Autophagy inducing drugs and neurodegenerative diseases (Rubinsztein, Barker et al.)
Intracellular protein misfolding/aggregation are features of many currently incurable late-onset neurodegenerative diseases, like Alzheimer’s disease, Parkinson’s disease and genetic disorders like Huntington’s disease (HD). The mutations causing many of these diseases confer novel toxic functions on their target proteins. We showed that one way in which these aggregate-prone proteins are removed is by a process called autophagy. Using an autophagy inducer, rapamycin, we have been able to reduce the levels of mutant huntingtin (the protien that lies at the heart of HD) and attenuated its toxicity in cells, and in various animal models of HD. We have now shown that autophagy is important in range of other related neurodegenerative diseases. In order to induce autophagy long-term, we have been striving to identify safer alternatives to the rapamycin. We have now demonstrated efficacy of one of such agent, rilmenidine, in a range of cell and animal HD models and are currently investigating this drug in a small trial in HD patients.
New gene found in a form of Hereditary Spastic Paraplegia (Reid)
An international research study headed by the Cambridge BRC researcher Dr Evan Reid and Dr Stephan Zuchner from the University of Miami identified mutations in a gene called reticulon 2 in a form of hereditary spastic paraplegia (HSP). HSP is characterised by progressive stiffness and weakness of the legs, caused by selective and specific degeneration of nerve fibres in the spine. In addition, the researchers showed that the reticulon 2 protein interacts with another HSP protein, spastin. Mutations in the gene encoding this latter protein cause the most common form of HSP. The reticulon 2 gene encodes a protein that plays a key role in shaping the endoplasmic reticulum, which is found within the cell itself. It has a number of functions, including protein synthesis, calcium signalling and regulation of other components of the cell. This study provides the most direct evidence to date that defects in how the endoplasmic reticulum is shaped could underlie nerve fibre degeneration.
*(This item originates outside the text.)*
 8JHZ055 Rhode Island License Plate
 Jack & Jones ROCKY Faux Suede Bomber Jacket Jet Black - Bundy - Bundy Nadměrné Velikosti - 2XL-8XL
The image shows a cell expressing reticulon 2 (red) and a form of the spastin protein that has been engineered to contain a disease-associated mutation (green).
Imaging networks and cognition in neurodegenerative disease: (Rowe, Barker, Robbins et al).
We have well established specialist clinics that integrate long term clinical care with research across a family of closely related neurodegenerative diseases: frontotemporal degeneration, progressive supranuclear palsy and corticobasal degeneration. In partnership with these patients and their carers, we have introduced innovations in cognitive examination, pharmacology and imaging of the brain’s structure, function and networks. The aim is to understand better how these illnesses lead to changes in behaviour, and to develop new ways to treat problems such as impulsivity, apathy, anti-social behaviour or inflexible thinking.